Two situations raise special concerns for clinicians engaged in syphilis management: patients with HIV and pregnant patients. Fueled by numerous case reports and small series,[34–36] concerns have arisen regarding whether persons with syphilis and HIV co-infection require higher dosage or prolonged therapy to assure optimal treatment outcomes. Some reports suggest that persons with HIV and syphilis have a slower serologic decline, as well.[20,34] However, in a large randomized trial, increased intensity or duration of therapy did not affect outcomes with regards to serologic response.[20] Because of lingering concerns about treatment failure, while the CDC does not recommend different therapy for persons with HIV and syphilis co-infection, closer and longer follow-up is recommended, with additional serologic testing at 3, 9 and 24 months, along with consideration of CSF analysis, particularly in patients who develop neurologic signs/symptoms in the setting of serologic non-response following appropriate therapy.[17]
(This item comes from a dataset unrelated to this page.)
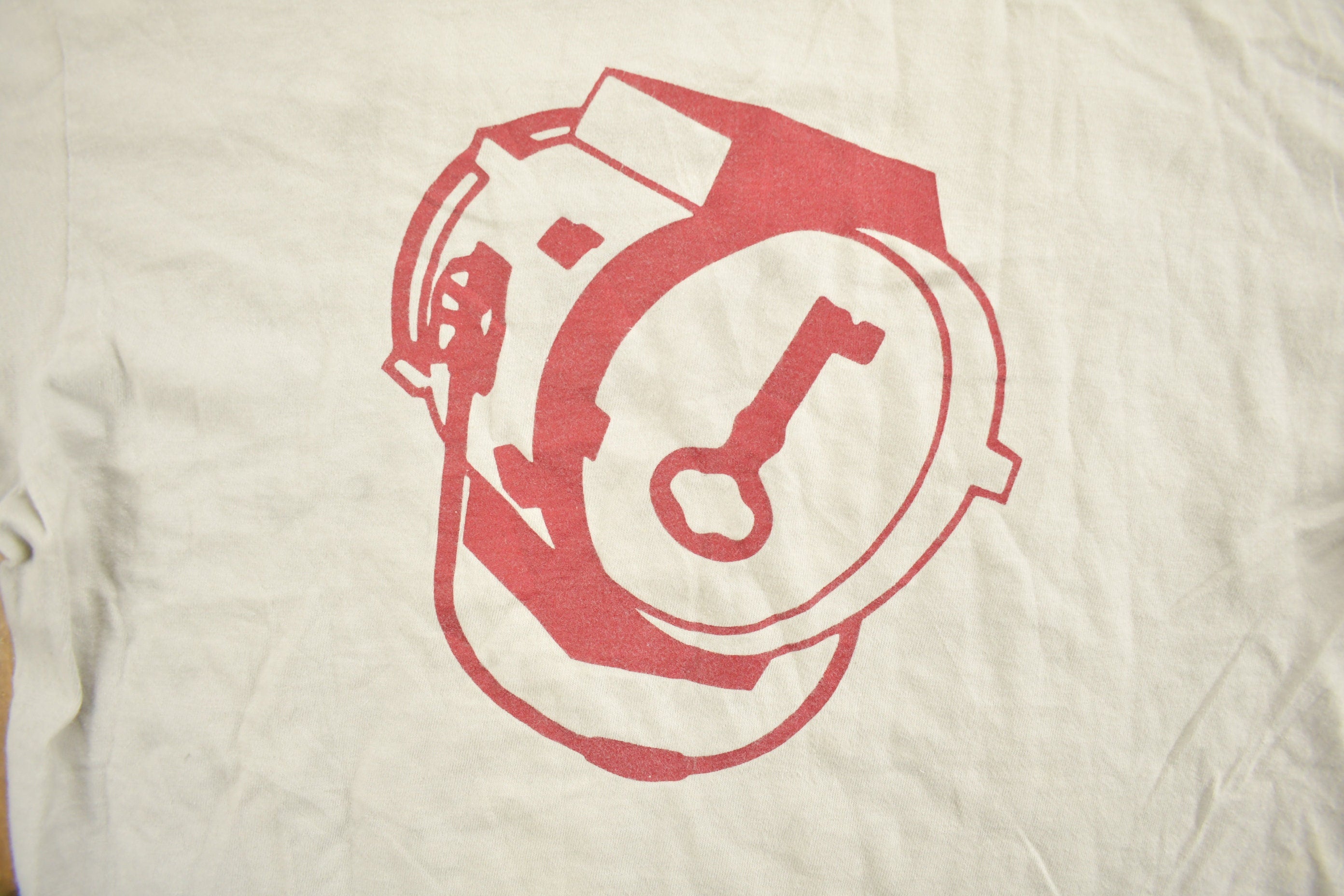 Vintage 1980s Keylite PSI Staff Graphic T-Shirt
A second focus of concern involves pregnant women with syphilis, because treatment failure is both important for the patient, and may have lifelong consequences for the unborn child. Given the potentially devastating outcomes of congenital syphilis, documentation of appropriate penicillin-based therapy in pregnant women is particularly important. While studies do not support more intensive treatment, general consensus is that treatment should occur early in pregnancy, preferably in the first trimester, but be completed at least 30 days before delivery.[17,37] Therapy initiated during or after the second trimester should be accompanied by fetal evaluation. Unfortunately, when infection is diagnosed later in the course of pregnancy, syphilis patients may not have responded to therapy by the time of delivery. If appropriate therapy (with penicillin only) is not assured prior to delivery, the neonate must be evaluated by a specialist and consideration given for syphilis treatment for the baby. Overtreatment may occur, but is preferable given the potential serious outcomes of untreated syphilis in the neonate.

Clinical management of patients with early syphilis has been, and remains a clinical challenge. Difficulties with understanding of serologic tests, treatment options and durations and follow-up continue. Serofast serologic test results often provide a source of concern. Given the rarity of syphilitic complications (i.e., neuro-, tertiary and cardiac syphilis), it is unlikely that most serofast patients progress to later stages of syphilis. Treatment and follow-up of pregnant patients and patients co-infected with HIV remain sources of concern and controversy.